### EXERCISE MATERIALS

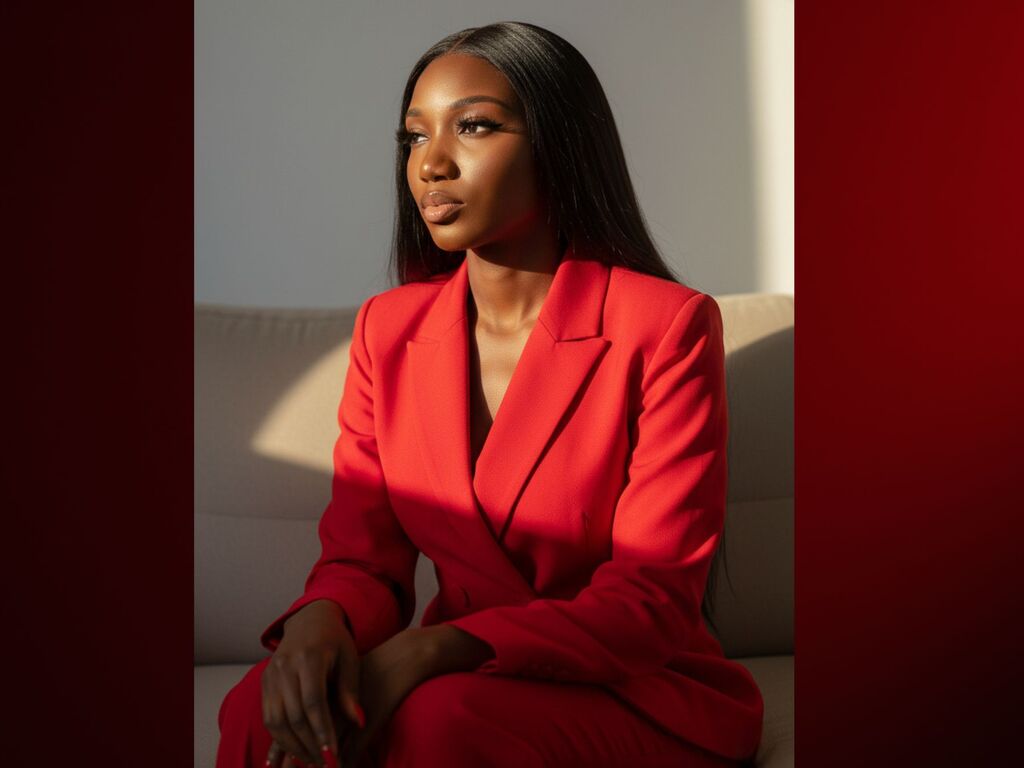 Profil de Narakiwi - Photo n°0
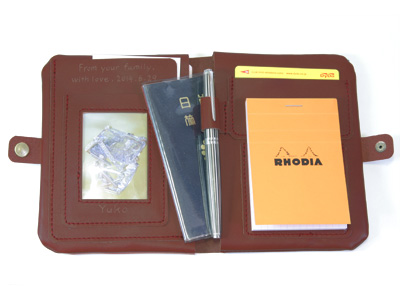 �p�X�|�[�g�P�[�X�J�o�[�{�v���U�[�E�{�v���b�h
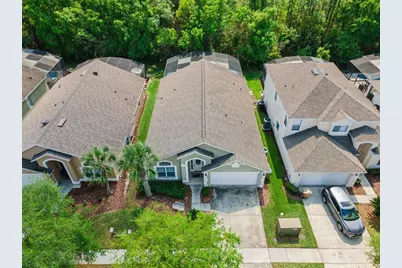 138 Madiera Beach Boulevard, Kissimmee, FL 34746 - Photo 46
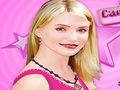 Cameron Diaz Makeover online spielen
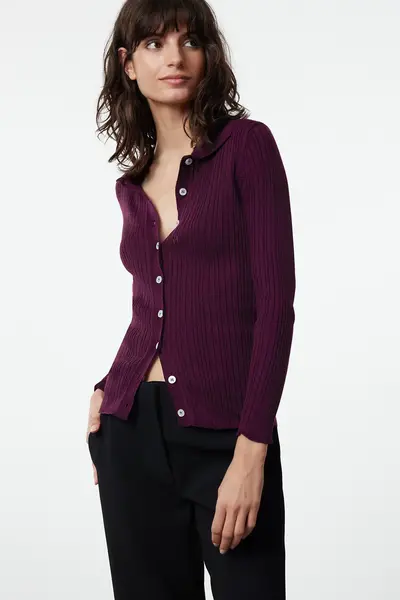TWOAW20HI0070-PLUM_1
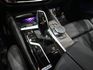 BMW/ 寶馬 520i M Sport  第2張縮圖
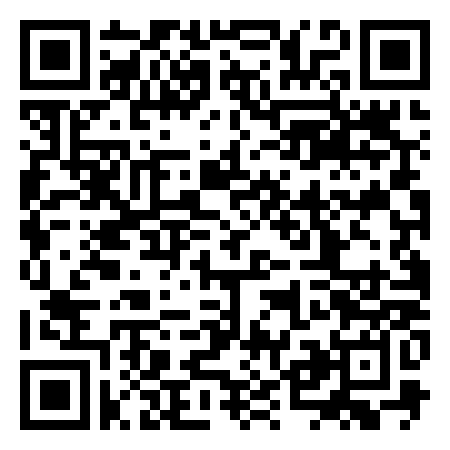 QR Code de Paul Prouté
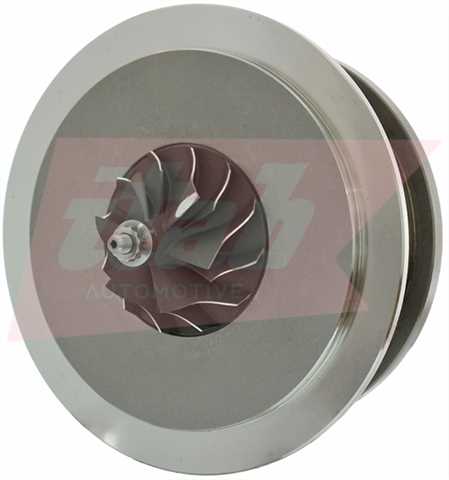 25071021AV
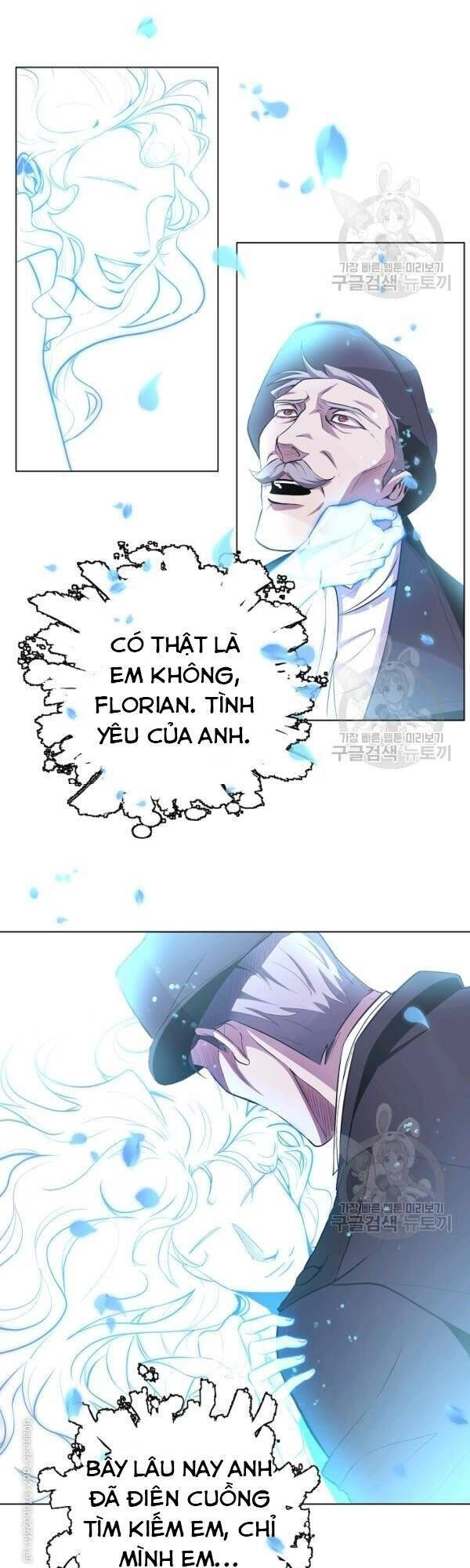 Tôi Là Thợ Săn Có Sức Mạnh Của 99 Vạn Tiền Kiếp Chapter 23 - 10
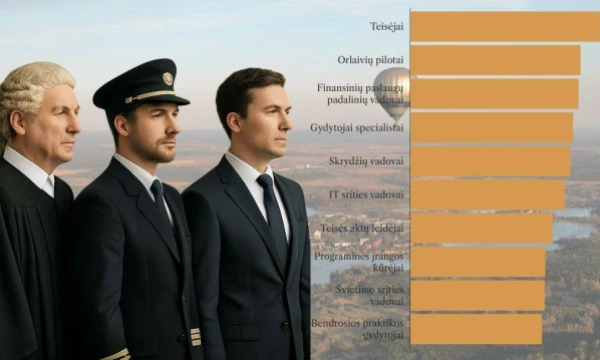 VŽ vizualizacija.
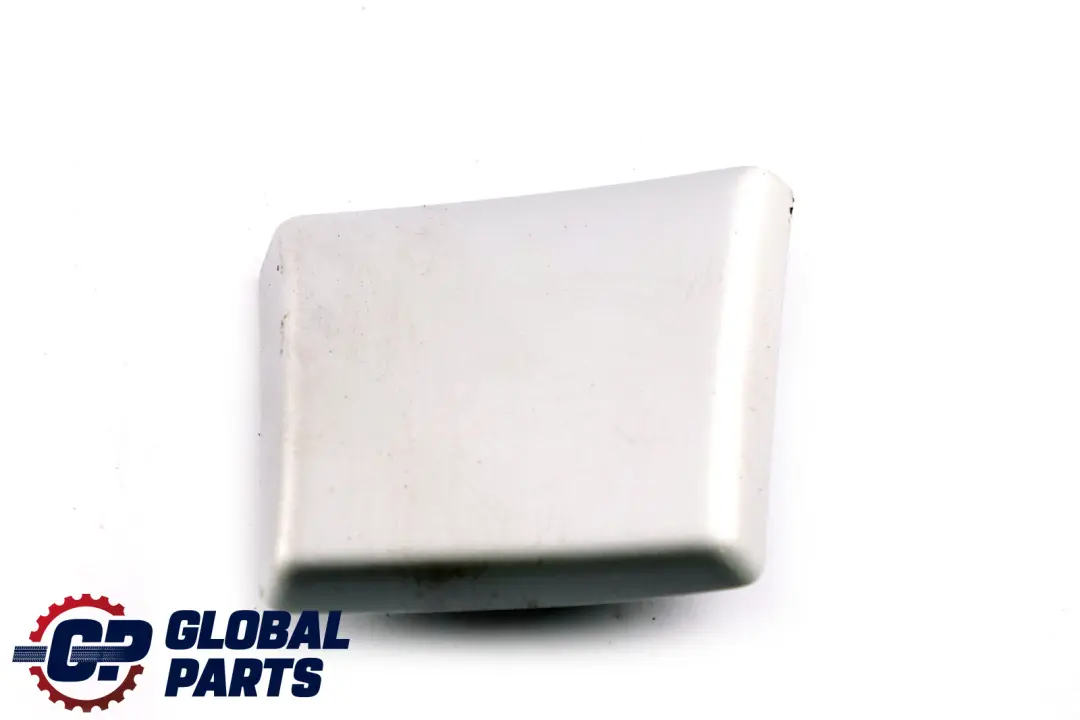 Decor Cover Instrument Panel Titanium Light 1222777 to BMW X3 Series 1 E83 LCI with Part number 3448634 BMW X3 Series 1 E83 LCI Decor Cover Instrument Panel Titanium Light 1222777 - SKU rhd-3448634-1 - Part number 3448634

######

[TASK DESCRIPTION] Leave out the pictures and repeat the remaining data exactly.

[EXERCISE OUTPUT]
 Profil de Narakiwi - Photo n°0
 �p�X�|�[�g�P�[�X�J�o�[�{�v���U�[�E�{�v���b�h
 138 Madiera Beach Boulevard, Kissimmee, FL 34746 - Photo 46
 Cameron Diaz Makeover online spielen
TWOAW20HI0070-PLUM_1
 BMW/ 寶馬 520i M Sport  第2張縮圖
 QR Code de Paul Prouté
 25071021AV
 Tôi Là Thợ Săn Có Sức Mạnh Của 99 Vạn Tiền Kiếp Chapter 23 - 10
 VŽ vizualizacija.
 Decor Cover Instrument Panel Titanium Light 1222777 to BMW X3 Series 1 E83 LCI with Part number 3448634 BMW X3 Series 1 E83 LCI Decor Cover Instrument Panel Titanium Light 1222777 - SKU rhd-3448634-1 - Part number 3448634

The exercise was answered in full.